I figured out how to publish as an independent author so blogging can’t be that hard. Right? Books are out. I keep writing. My author’s walk continues. Come join me on my author’s walk. If you enjoy paranormal romance, I hope my stories will interest you. If you want to know more about how I write, publish, and market my stories, you’ve landed in the right place. Welcome to the dream…

I try to be a good writer and post all the news to all my readers. I have to be honest, sometimes the story presses me to write it, and I get lost in that instead of other stuff. I work a full-time day job so finding time for everything isn’t easy. When the scenes are flowing in my mind, what I want to do is write. If there is no time for other things like marketing, publishing, or blogging, I just have to accept that maybe the time for that will eventually come.

Cut Scenes

When I first began this blog, I asked for forgiveness in advance for all the stuff I’d mess up and my total lack of time. I now have a better day job and have learned enough to be able to juggle some of the writing stuff a bit better. I still don’t know it all, and I likely will never figure it all out.
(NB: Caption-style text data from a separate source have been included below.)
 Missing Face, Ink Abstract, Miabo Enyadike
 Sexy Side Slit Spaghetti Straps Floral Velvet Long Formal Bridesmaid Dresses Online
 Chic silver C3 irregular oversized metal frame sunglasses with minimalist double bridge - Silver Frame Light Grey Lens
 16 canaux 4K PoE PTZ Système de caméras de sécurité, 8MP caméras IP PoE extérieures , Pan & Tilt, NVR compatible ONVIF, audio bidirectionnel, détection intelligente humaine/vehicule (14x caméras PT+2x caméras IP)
That’s okay. Time is money and the only currency I have to pay with, so I’ve decided that I’m in this game for the long haul. As I did when I began the blog, I’ll reissue the promise I made to speak the truth about my author’s walk so that others might glean what they will from my journey. I’m not any kind of expert. I’m just offering what I learn freely as part of the backstory to writing the books and in the hopes that other authors might find something useful here.
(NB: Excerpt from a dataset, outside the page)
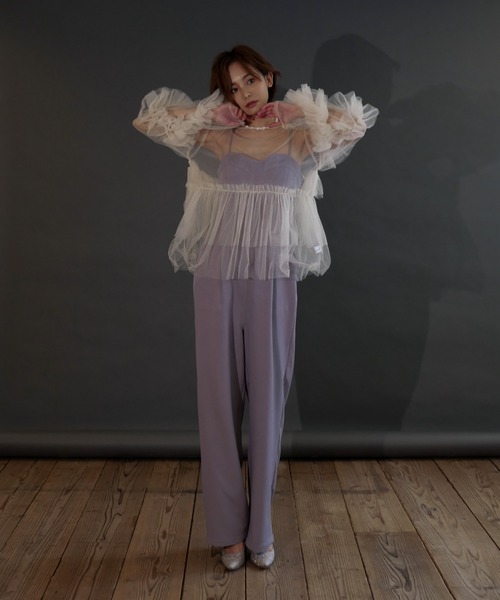 My shawty（ﾏｲｼｬｳﾃｨｰ）の「frill tule top（ドレス・レディース・ネイビー/ブラック/アイボリー/グリーン/ベージュ/ピンク・FREE）」の13枚目の写真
I would love to make money selling my books. Marketing is hard and I’m afraid of losing my hard-earned day job money. So instead, I’ve decided to take the time to unravel the secrets of the self-publishing world on my own. I usually do this one tiny epiphany at a time.
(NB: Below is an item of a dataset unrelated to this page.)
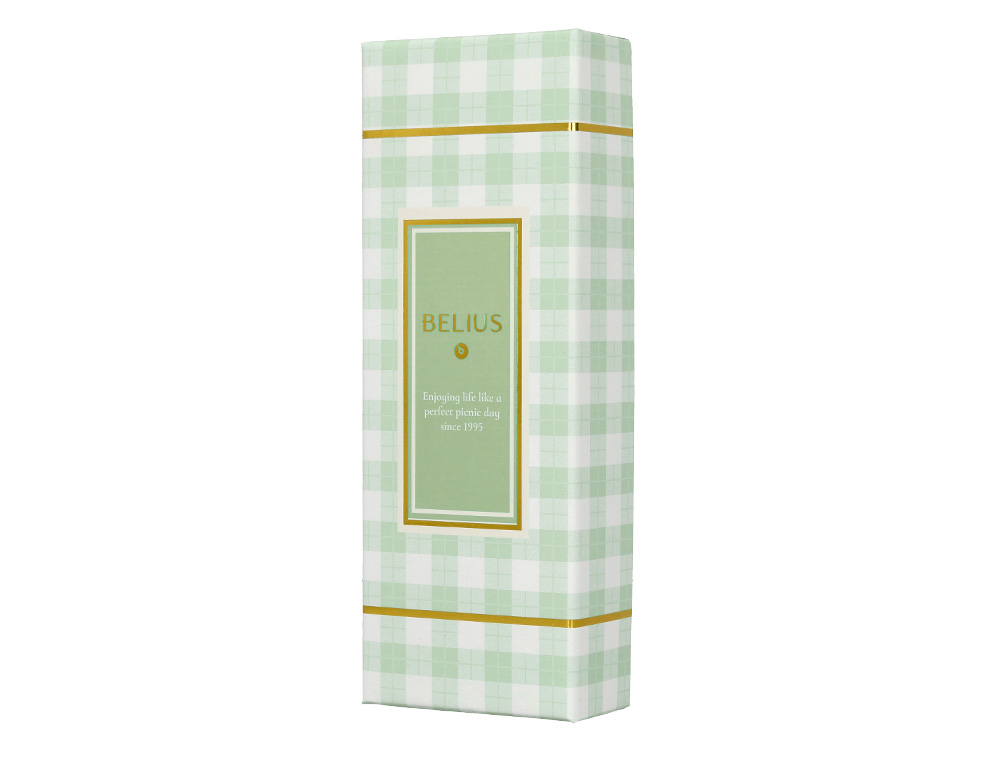 STYLO-BILLE BELIUS PICNIC ALUMINIUM ENCRE BLEUE COLORIS VERT DORE BOITE DESIGN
That’s good. Writing isn’t a get-rich-quick scheme. It’s rather a creative outlet and an escape. If you are joining me on the ride, I’m glad you stopped by no matter whether it be to learn about writing in general or my writing in particular.

I also promised in my first blog to include cut scenes. So I’ve been honest about my journey, but few of the cut scenes have been published on the blog. So I wish to change that and meet the standard I myself proposed. Here’s a part of one deleted scene that wound up on the cutting room floor. I didn’t want the villain revealed all at once. So, meet a Villain.

Deleted Scene From A Pack Forms

1 Frank Grimes

The job with Luke Mendez was good solid money. He had all his guys on every crew but one working on the Mendez site. He’d even expanded his operation and hired more guys and subcontracted the fencing. Mendez kept adding shit that hot little blonde bitch wanted, but Frank wasn’t complaining. All the changes only lined his pockets.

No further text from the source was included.